▸ YOUR ASSIGNMENT
Please give back each line below unchanged; none of the pictures should appear.

▸ INFORMATION SHOWN
──────────────────────────────

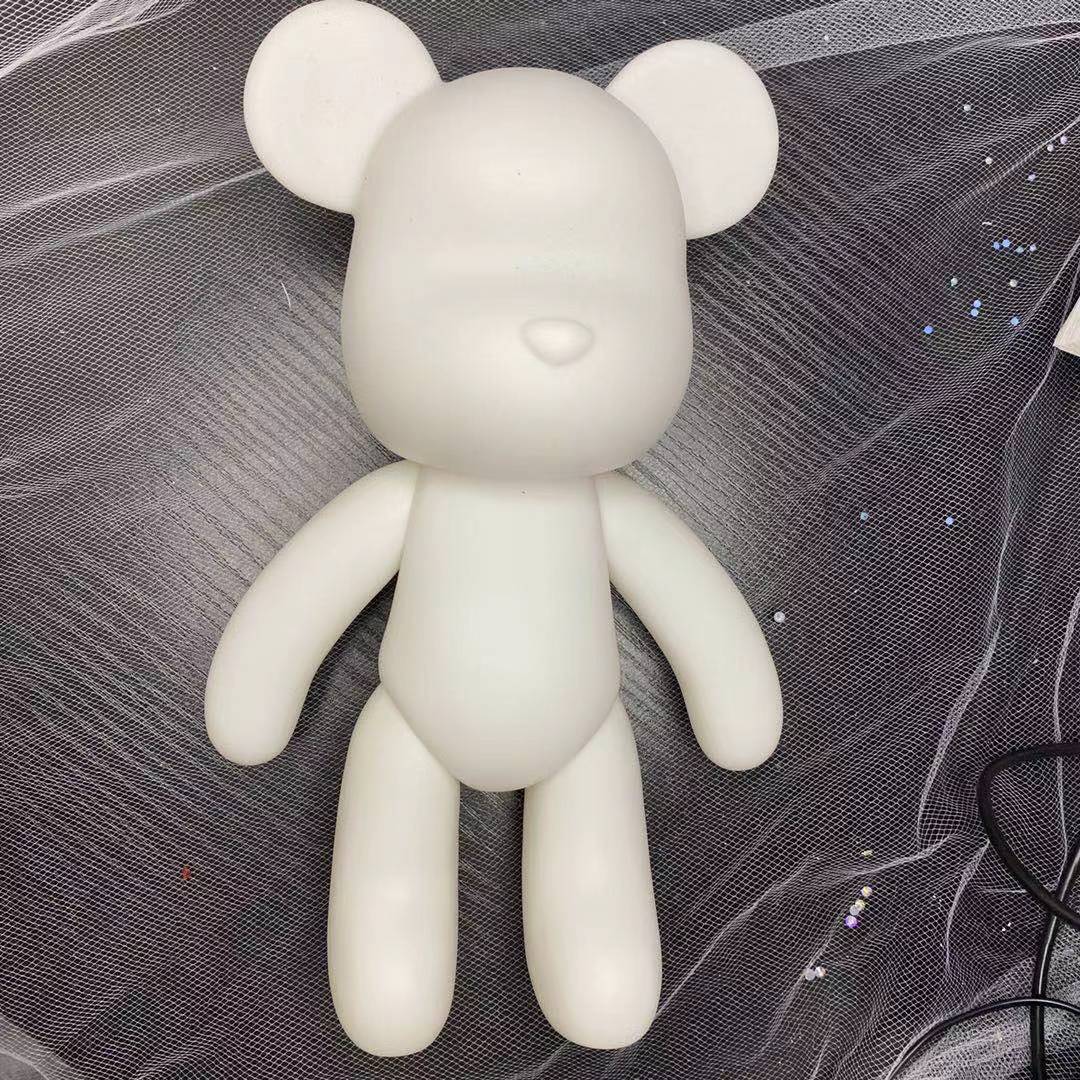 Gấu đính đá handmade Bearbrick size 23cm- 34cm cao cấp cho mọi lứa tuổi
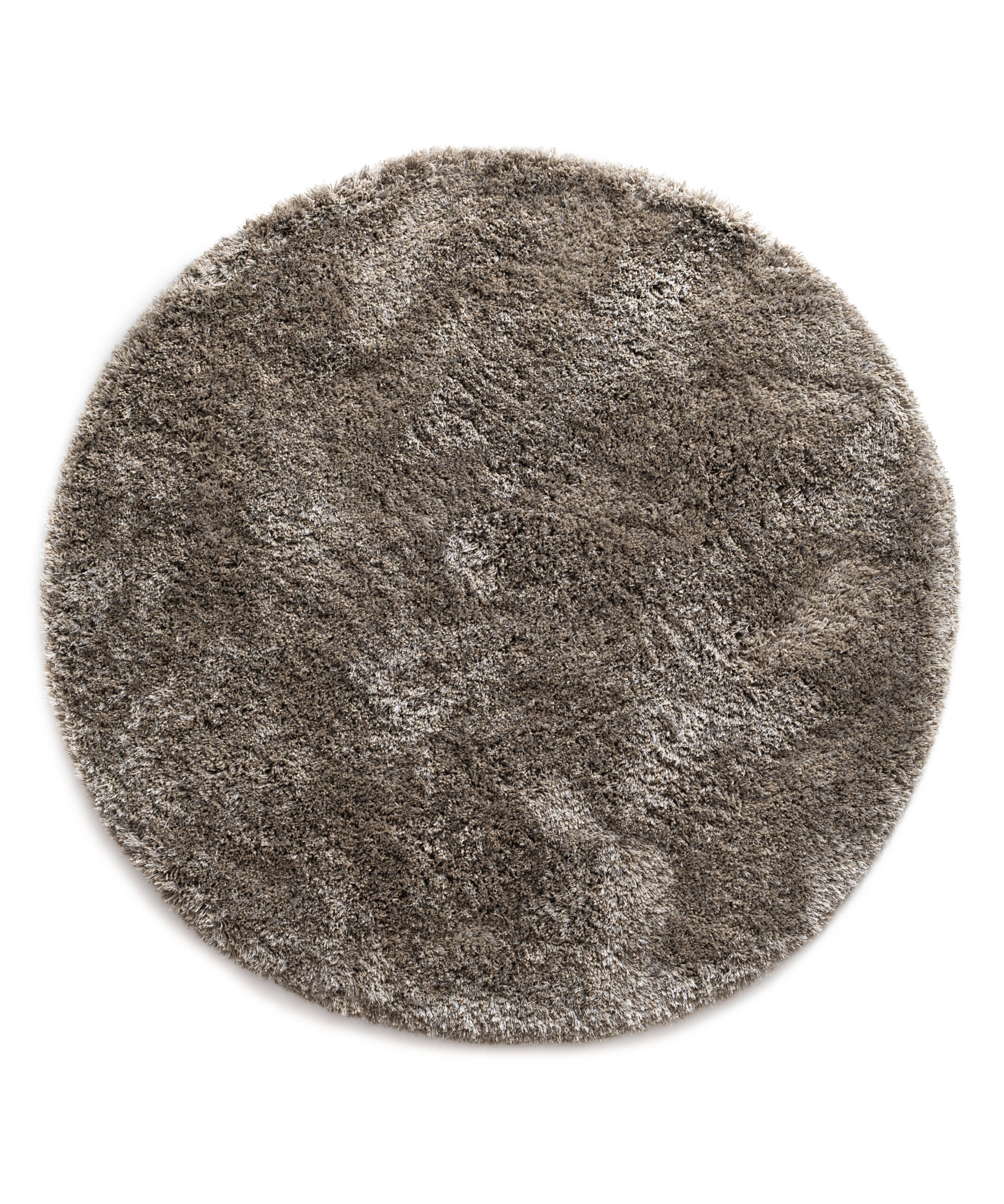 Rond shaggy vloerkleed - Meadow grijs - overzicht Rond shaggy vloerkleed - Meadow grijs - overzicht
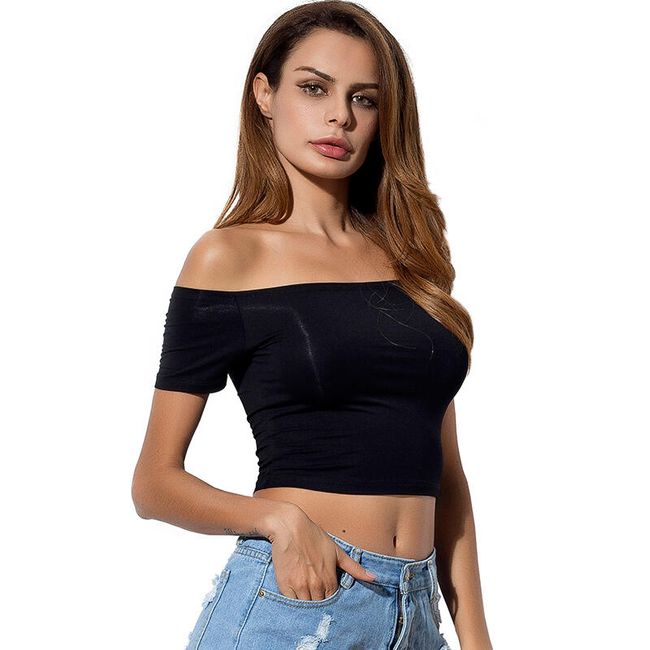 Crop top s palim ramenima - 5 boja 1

──────────────────────────────

▸ RESPONSE TO THIS EXERCISE
 Gấu đính đá handmade Bearbrick size 23cm- 34cm cao cấp cho mọi lứa tuổi
 Rond shaggy vloerkleed - Meadow grijs - overzicht Rond shaggy vloerkleed - Meadow grijs - overzicht
 Crop top s palim ramenima - 5 boja 1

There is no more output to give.